[Caption-style text data]
-- Opening Marker --

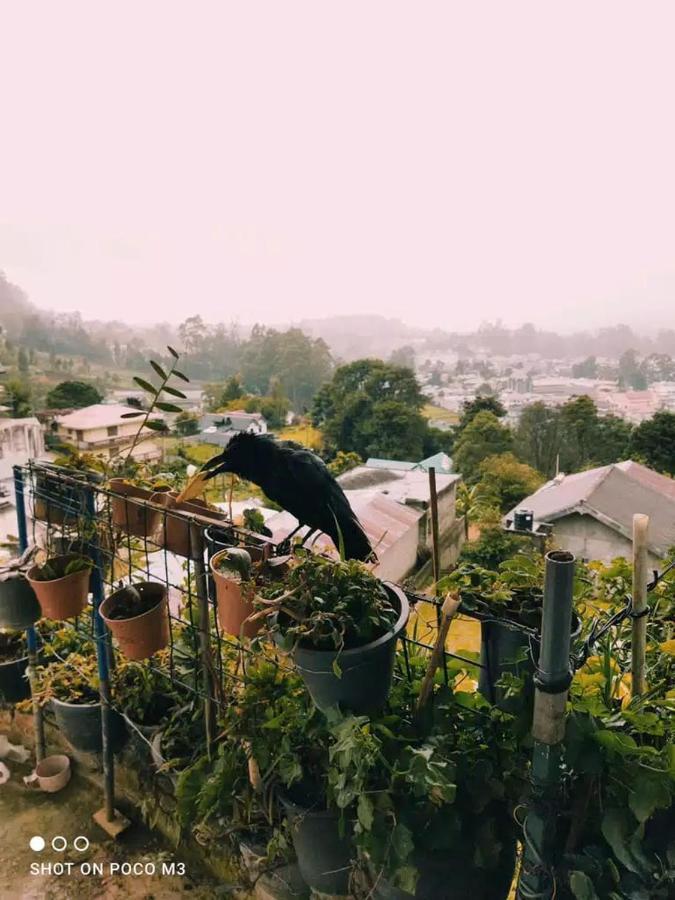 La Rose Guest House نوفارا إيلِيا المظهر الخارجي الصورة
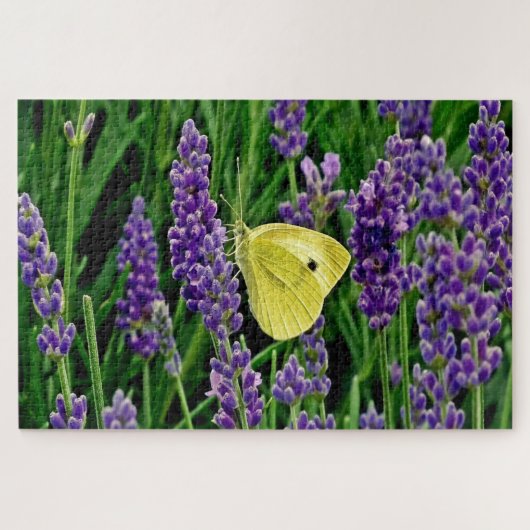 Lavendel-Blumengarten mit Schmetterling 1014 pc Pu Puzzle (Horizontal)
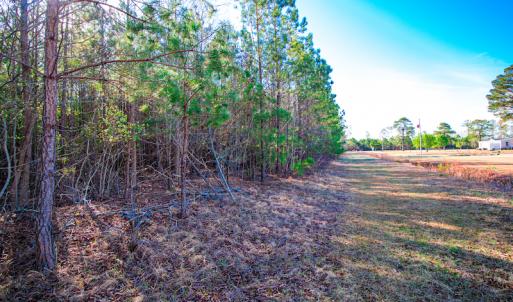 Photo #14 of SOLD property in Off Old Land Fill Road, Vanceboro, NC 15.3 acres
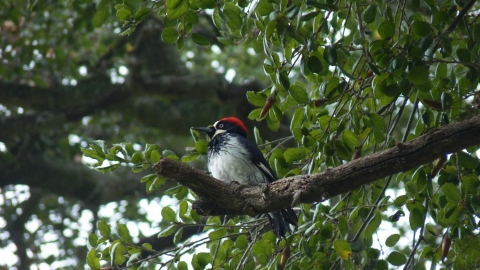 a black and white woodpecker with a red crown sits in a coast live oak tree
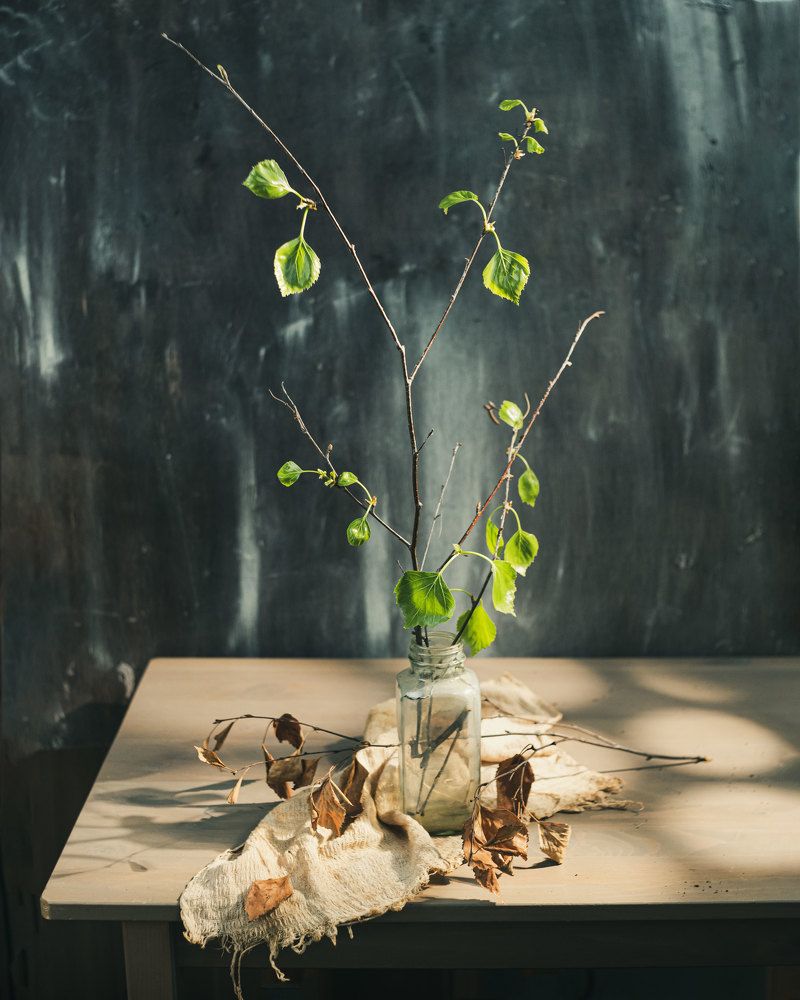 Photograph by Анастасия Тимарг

-- Closing Marker --

Assignment:
For the entries above, return an exact copy that omits the images.

Output of the exercise:
 La Rose Guest House نوفارا إيلِيا المظهر الخارجي الصورة
 Lavendel-Blumengarten mit Schmetterling 1014 pc Pu Puzzle (Horizontal)
 Photo #14 of SOLD property in Off Old Land Fill Road, Vanceboro, NC 15.3 acres
 a black and white woodpecker with a red crown sits in a coast live oak tree
 Photograph by Анастасия Тимарг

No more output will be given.